113Ultimately Mr Martin submitted that the consequences to the plaintiff as a result of the accident do not satisfy the serious injury threshold. Whilst the plaintiff’s consequences might not be regarded as trivial, Mr Martin argued that they should not be assessed as being more than significant or marked.
Plaintiff Submissions
114Mr Harrison submitted that in accordance with Grech v Orica Australia Pty Ltd & Anor[61] two or more compensable injuries can be a legally sufficient cause of the same consequence.
[61] [2006] VSCA 172.
115Mr Harrison submitted that in accordance with Peak Engineering & Anor v McKenzie[62] the Court is required to identify all the consequences from which the plaintiff is suffering and then determine if able to do so, which are attributable to which impairment or body part.
[62] [2014] VSCA 67.
116Mr Harrison referred to the decision[63] of Poholke v Goldacres Trading Pty Ltd[64] (‘Poholke’). There the Court of Appeal addressed the approach in assessing pain and suffering consequences of a back injury where there had been an earlier neck injury. The Court said:
“We have earlier set out the passage in which the judge concluded that the pain and suffering consequence of the lower back injury did not meet the statutory definition of ‘serious’ in s 134AB of the Act. Three points arise from that recitation of her Honour’s reasons.
First, the fact that the plaintiff experienced significant pain and discomfort arising from the injury to his neck did not diminish, or in any way devalue, the degree of pain suffered by him as a result of his back injury. That is, the pain, that the plaintiff suffered as a result of his neck injury, did not, for the purposes of the evaluation required to be carried out by the court, in any way detract from the significance of the level of pain and discomfort experienced by the plaintiff as a result of his back injury.

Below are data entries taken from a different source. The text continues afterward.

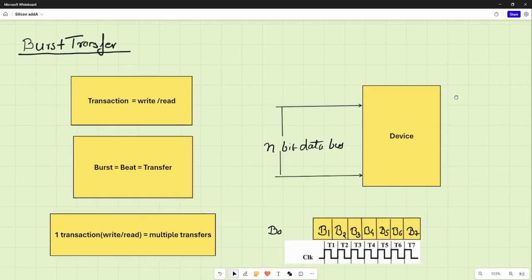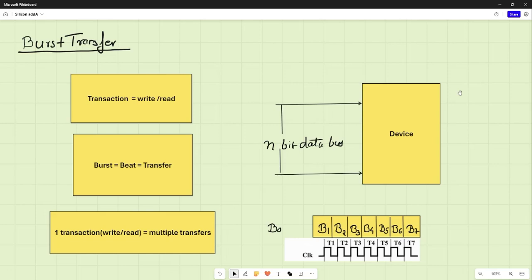Before going into write and read transactions, let's discuss burst transfer. A transaction means a complete write or read — from start to end. A transfer (also called a beat or burst) is different: it refers to individual data transfers. The maximum size of data that can be transferred in one shot is n-bits, where n is the width of the data bus.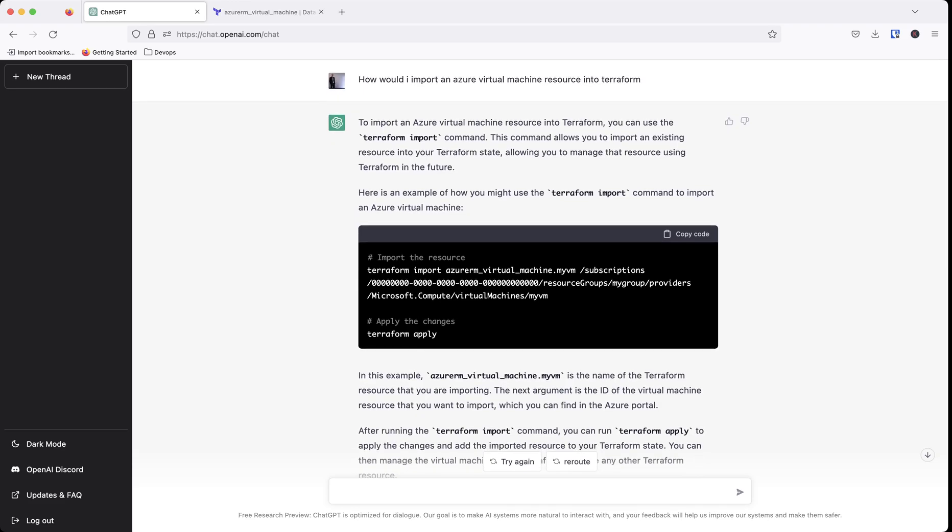I think it could be a real game changer in helping people complete projects faster, get questions to issues answered faster, and also help them along in areas where they can't find the answers to the questions that they're asking through Google and stuff like that.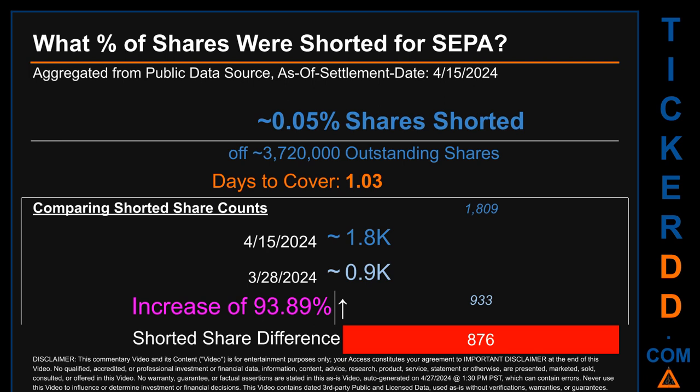What percentage of shares were shorted for SEPA? For the two-week period ending on settlement date April 15, 2024, about 1.8 thousand shares of SEPA were shorted out of a total of approximately 3.7 million outstanding shares. Therefore, for SEPA, based on as-is discovered public data when this video was generated, the ticker has a short interest of roughly 0.05%, calculated by dividing shorted shares by outstanding shares. Days to cover is 1.03.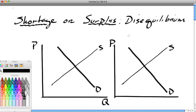Hello, Ron Sipsik here. This is the third part of a five-part series on some basic principles in supply and demand. Today we're going to take a look at the difference between a shortage and a surplus, and we're going to explain how these disequilibrium conditions occur.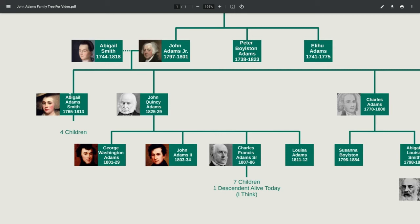Next we have John Quincy, who was the sixth president of the United States. He had four children: George Washington Adams, John Adams the Second, Charles Francis Adams Senior, and Louisa Adams. Abigail Smith up here was actually quite offended that George Washington Adams was named after George Washington instead of after John Adams.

Secondly, although the earlier injury to the plaintiff’s neck had significantly restricted the range and type of activities, which the plaintiff was able to participate in, nevertheless, on the evidence, the plaintiff suffered further disability and limitations on his activities arising from his back injury. In particular, the evidence established that he had needed to reduce further the level of work that he had carried out in his shed, and his attendance at drag races. His social life had been seriously affected by his lower back injury. As a result of his lower back pain, he had to take breaks while driving a motor vehicle. His capacity to play with his young son had also been significantly further diminished. While it is correct that the plaintiff’s lifestyle had already been severely affected by his neck injury, what remained was important to him. In that context, the further limitations, resulting from his back injury, were not insubstantial.

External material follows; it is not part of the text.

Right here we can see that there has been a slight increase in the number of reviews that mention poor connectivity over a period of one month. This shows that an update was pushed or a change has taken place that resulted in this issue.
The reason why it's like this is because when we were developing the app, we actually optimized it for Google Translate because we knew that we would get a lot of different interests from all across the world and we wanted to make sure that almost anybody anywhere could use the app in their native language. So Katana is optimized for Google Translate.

Thirdly, and importantly, the plaintiff gave evidence as to a number of everyday functions that he performed in his daily life, such as showering, going to the toilet, and getting into bed, which had been significantly affected by the injury to his lower back. The fact that the plaintiff had had to make adjustments to the manner in which he carried out those quotidian tasks was of itself important, but, in addition, it demonstrated the additional degree of disability suffered by the plaintiff in performing basic daily functions of life as a result of his lower back injury.

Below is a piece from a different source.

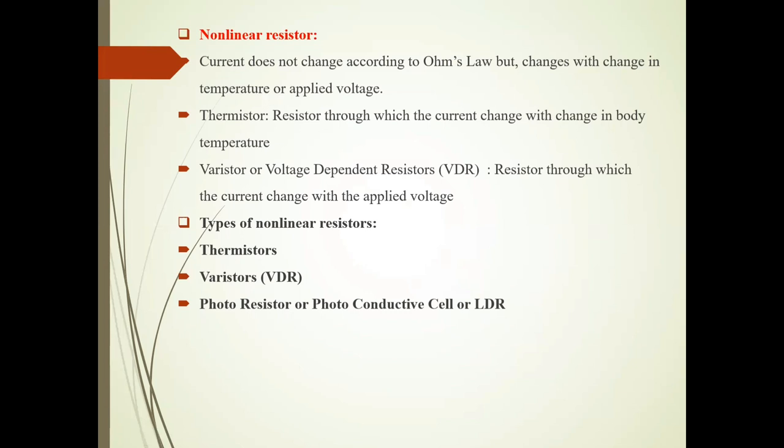But it changes with change in Temperature or Applied Voltage. When Temperature is changed, its current changes. When Applied Voltage is changed, its current changes.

The description given by the plaintiff of the pain that he suffered was of a high level. For a person whose life had already been diminished by a serious neck injury, the further disabilities resulting from his back injury deprived him of a significant degree of his residual capacity to engage in recreational activities, impacted heavily on his social life, and interfered significantly with the minutiae of his daily living.
In that respect, an evaluation of the plaintiff’s pain and suffering consequences is also informed by the significant reduction in the duties that he performed while he remained in employment with the defendant after he sustained the injury to his lower back. The plaintiff was clearly a person who was nothing but stoic, in the manner in which he had continued to work, full time, as a welder, notwithstanding his serious neck injury. By contrast, notwithstanding the plaintiff’s stoicism, after he sustained his back injury, he was reduced to working light duties. The first light duties, assigned to him — working at a bench putting plumbing fittings together — were too onerous and painful for him. As a result, he was moved to even lighter work in the boom shed. Those changes, and significant reductions, in the plaintiff’s work capacity, after he sustained his back injury, formed part of the objective evidence as to the consequences, in terms of pain, suffering and limitation of enjoyment of life, sustained by the plaintiff as a result of his back injury.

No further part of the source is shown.